US stocks slid deeper into bear market territory, with the S&P 500 and the Dow closing lower. This came as investors worried that aggressive campaign of the Federal Reserve (the Fed) against inflation could throw the US economy into a sharp downturn.


US Treasury yields rose, with the 10-year rate climbing by as much as 0.21% to reach 3.898%, its highest level since April 2010. The dollar also soared to yet another record high, with the Bloomberg Dollar Spot Index rising 1%.


A bear market is the term for when a securities market or index (usually stocks) falls at least 20% and stays at that level or drops further for a certain duration. It usually causes trouble for investors.

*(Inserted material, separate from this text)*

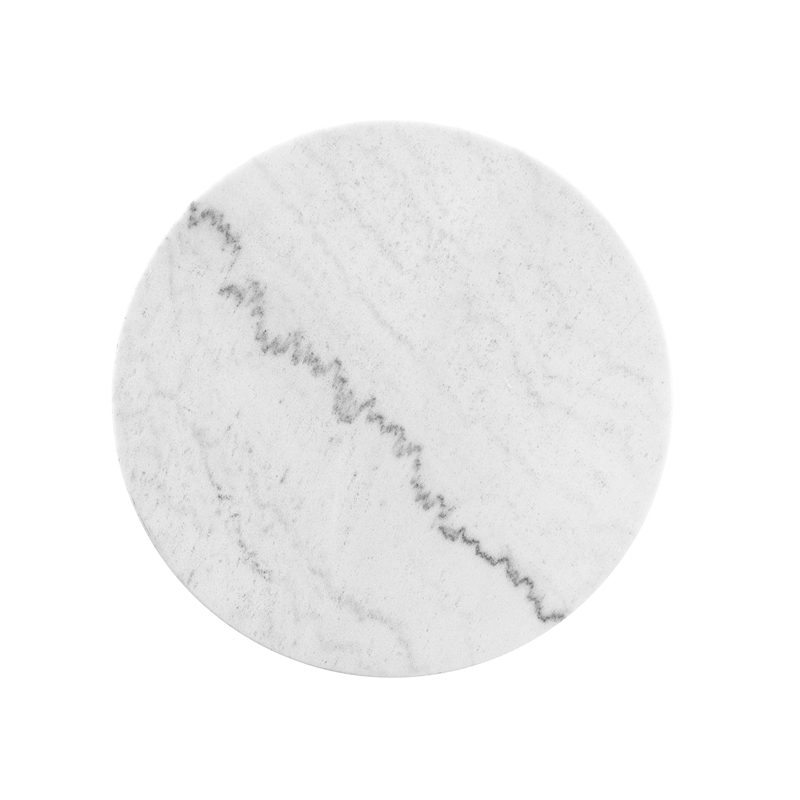 Magnussen Home Esme White Marble And Brushed Nickel Round End Table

While raising key rates is one of the tools that a central bank has to manage inflation, this may lead to a recession if done too quickly. The acceptable rate and speed of increases vary per economy and according to the conditions.

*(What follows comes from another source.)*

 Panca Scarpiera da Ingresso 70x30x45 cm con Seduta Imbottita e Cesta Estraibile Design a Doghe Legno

Risk sentiment was also shaken by dramatic moves in the global market after the pound plunged to a record low and British bond prices collapsed on worries that the new UK government’s fiscal plan threatened to stretch the country’s finances.


The pound is one of the most traded currencies in the world, and so its current value is concerning to foreign exchange investors.


Local developments

The Philippines is having conversations with Russia and other countries to diversify its supply chain for food stuffs and agricultural necessities like fertilizer. It is meant to help with price management.


This came as President Ferdinand Marcos, Jr. noted that the country can’t be complacent in relying on traditional suppliers for such essentials.


The production cost of local food items is a significant factor that contributes to the price levels of related consumer goods. Reducing these costs could possibly lead to lower consumer prices later on.


The International Monetary Fund (IMF) projects the Philippines to grow by 6.5% this year, slightly lower than the 6.7% estimate in July, and to slow to 5% in 2023. It expects the confluence of global shocks to affect the economy in the coming months.


Projections are important because they provide a peek into how experts expect the situation to unfold in the future. While they aren’t always accurate, they usually aren’t very far off.


The lack of positive news isn’t a great sign, but there’s also no reason to believe that things will remain this way for long. For now, avoiding big changes to your investments might be the right thing for your portfolio.